Therefore, because writing is a "socially embedded process," we would "question the ability of AWE software to judge critical thinking, rhetorical knowledge, creativity, or a student's ability to tailor their text to a specific readership" (Hockly, 2019). Appealing to different audiences requires an understanding of the complex web of conventions that are not beholden just towards the way something is written. The AWE that claim to assess audience are pigeonholing genre to distinct word choices and linear constructions of phrases, instead of content. In this way, genres become rigid and one-to-one relations that ignore the fluidity of typified occurrences. Because linearity is the primary capability of AWE, it is more suited to assess structures of writing that closely align with CTR outcomes.
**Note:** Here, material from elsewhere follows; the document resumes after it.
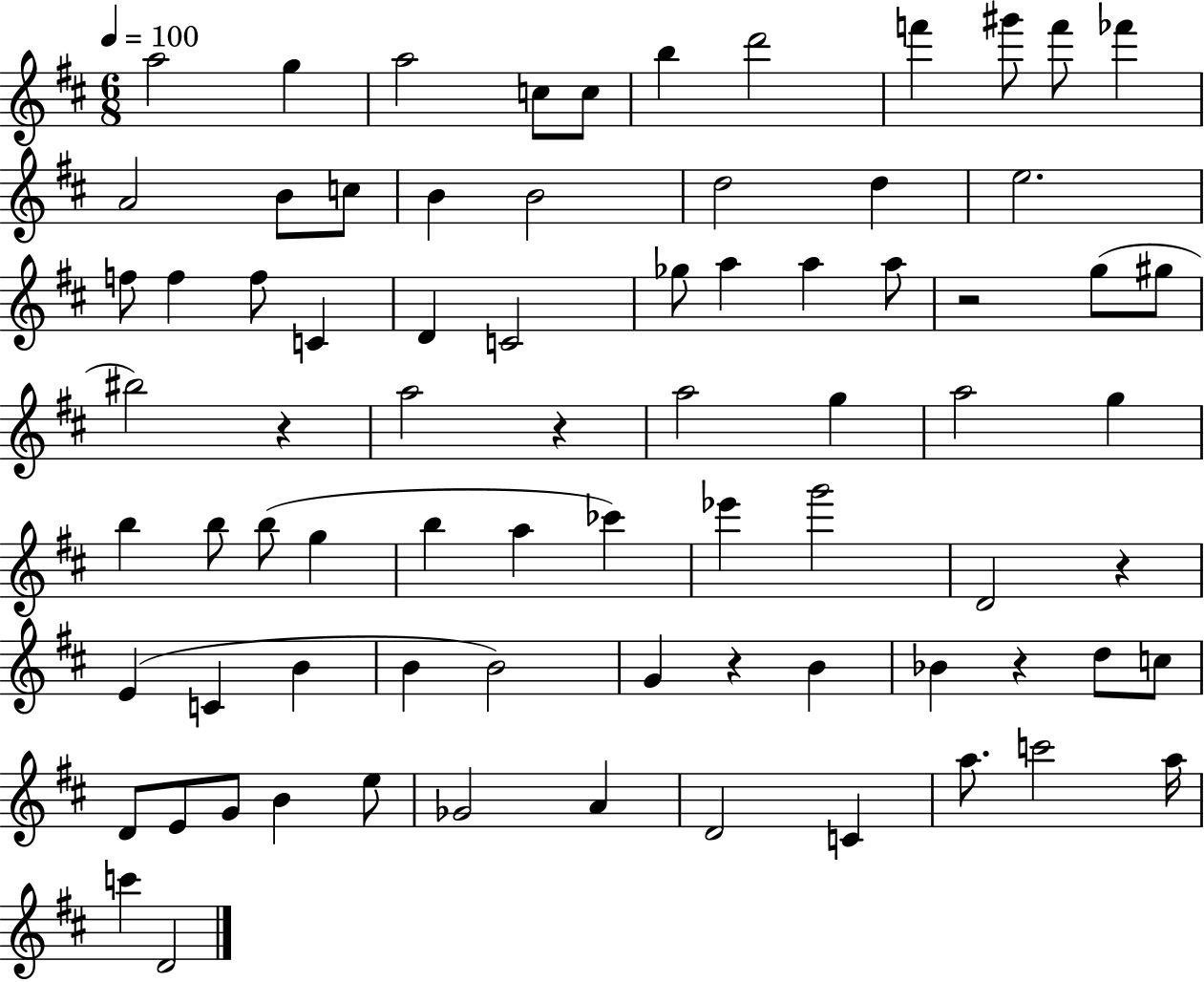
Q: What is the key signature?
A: D major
Higher level writing concerns, such as "Ideas," "Extraneous Information," and "Organization," are primarily available if the individual subscribes to a paid tier of the AWE. These higher-level concerns supposedly may assist in helping the individual with components of writing that move beyond just sentence structure, such as: argument strength, extraneous information, thesis, and attention to audience. The features that are free are aligned with concerns of CTR.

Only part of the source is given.